··· Provided data

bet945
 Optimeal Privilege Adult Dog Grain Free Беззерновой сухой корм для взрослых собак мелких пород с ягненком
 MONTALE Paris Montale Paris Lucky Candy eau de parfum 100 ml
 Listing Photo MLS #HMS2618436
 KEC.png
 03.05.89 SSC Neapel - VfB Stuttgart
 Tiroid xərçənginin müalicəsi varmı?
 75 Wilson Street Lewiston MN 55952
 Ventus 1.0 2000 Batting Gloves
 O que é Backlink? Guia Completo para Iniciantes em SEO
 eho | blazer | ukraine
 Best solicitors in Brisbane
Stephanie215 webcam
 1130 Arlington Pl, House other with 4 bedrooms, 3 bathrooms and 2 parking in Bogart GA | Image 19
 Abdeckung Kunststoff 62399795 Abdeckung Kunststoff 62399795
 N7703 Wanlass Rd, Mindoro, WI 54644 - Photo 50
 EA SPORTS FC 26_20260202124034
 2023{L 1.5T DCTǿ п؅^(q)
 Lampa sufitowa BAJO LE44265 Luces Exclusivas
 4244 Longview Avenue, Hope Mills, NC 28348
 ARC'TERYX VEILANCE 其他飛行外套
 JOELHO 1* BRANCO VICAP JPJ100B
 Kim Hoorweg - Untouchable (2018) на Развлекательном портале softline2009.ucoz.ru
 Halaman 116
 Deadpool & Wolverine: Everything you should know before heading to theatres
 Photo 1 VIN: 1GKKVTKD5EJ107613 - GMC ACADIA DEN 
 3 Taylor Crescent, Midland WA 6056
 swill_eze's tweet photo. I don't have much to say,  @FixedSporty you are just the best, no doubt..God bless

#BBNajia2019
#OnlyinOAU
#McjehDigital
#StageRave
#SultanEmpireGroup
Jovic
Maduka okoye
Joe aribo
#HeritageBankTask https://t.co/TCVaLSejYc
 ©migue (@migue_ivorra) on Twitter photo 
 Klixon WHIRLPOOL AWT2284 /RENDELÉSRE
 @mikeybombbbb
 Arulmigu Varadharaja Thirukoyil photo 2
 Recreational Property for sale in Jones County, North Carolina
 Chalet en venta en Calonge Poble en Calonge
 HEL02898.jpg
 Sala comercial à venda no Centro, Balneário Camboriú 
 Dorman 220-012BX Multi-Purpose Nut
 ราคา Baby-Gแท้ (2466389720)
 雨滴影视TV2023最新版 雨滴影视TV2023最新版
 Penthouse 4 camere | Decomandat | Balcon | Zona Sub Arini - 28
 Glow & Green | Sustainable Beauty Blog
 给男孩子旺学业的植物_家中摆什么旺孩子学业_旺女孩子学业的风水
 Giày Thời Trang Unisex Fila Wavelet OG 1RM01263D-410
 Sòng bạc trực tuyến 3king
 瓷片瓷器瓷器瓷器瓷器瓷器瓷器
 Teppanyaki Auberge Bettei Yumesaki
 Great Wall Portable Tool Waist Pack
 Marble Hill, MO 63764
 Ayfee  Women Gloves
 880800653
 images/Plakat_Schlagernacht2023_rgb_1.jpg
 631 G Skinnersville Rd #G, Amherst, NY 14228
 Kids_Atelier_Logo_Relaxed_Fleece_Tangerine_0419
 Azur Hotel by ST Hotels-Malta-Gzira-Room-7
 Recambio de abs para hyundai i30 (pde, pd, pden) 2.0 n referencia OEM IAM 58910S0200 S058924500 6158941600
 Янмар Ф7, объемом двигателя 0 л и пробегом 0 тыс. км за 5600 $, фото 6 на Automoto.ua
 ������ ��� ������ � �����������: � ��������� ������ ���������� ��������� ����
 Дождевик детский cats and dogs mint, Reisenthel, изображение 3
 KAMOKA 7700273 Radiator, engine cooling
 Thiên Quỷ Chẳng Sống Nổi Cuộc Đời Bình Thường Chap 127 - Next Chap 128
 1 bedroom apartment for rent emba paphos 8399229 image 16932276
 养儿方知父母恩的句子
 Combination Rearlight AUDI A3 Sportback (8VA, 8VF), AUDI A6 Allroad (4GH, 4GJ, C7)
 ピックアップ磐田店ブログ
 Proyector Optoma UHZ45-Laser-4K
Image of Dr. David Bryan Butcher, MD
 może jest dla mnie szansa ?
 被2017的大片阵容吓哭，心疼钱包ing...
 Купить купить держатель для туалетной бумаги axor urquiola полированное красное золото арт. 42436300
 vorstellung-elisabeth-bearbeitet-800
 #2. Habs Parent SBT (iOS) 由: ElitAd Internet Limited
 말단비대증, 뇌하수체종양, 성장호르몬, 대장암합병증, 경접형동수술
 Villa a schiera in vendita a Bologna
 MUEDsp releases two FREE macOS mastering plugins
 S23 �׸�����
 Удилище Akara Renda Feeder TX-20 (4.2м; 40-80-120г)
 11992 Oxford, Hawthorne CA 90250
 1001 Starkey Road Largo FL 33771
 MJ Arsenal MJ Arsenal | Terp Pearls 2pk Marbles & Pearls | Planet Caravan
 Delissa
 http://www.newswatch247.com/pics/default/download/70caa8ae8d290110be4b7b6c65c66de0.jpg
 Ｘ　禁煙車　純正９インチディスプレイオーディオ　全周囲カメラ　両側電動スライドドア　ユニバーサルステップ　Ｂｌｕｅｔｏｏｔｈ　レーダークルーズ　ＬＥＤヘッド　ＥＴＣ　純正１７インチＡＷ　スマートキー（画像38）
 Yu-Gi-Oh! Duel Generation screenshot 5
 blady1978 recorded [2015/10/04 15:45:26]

······

Problem to solve: When a line in the listing has the string "Gloves" in it, return that line.

Written answer:
 Ventus 1.0 2000 Batting Gloves
 Ayfee  Women Gloves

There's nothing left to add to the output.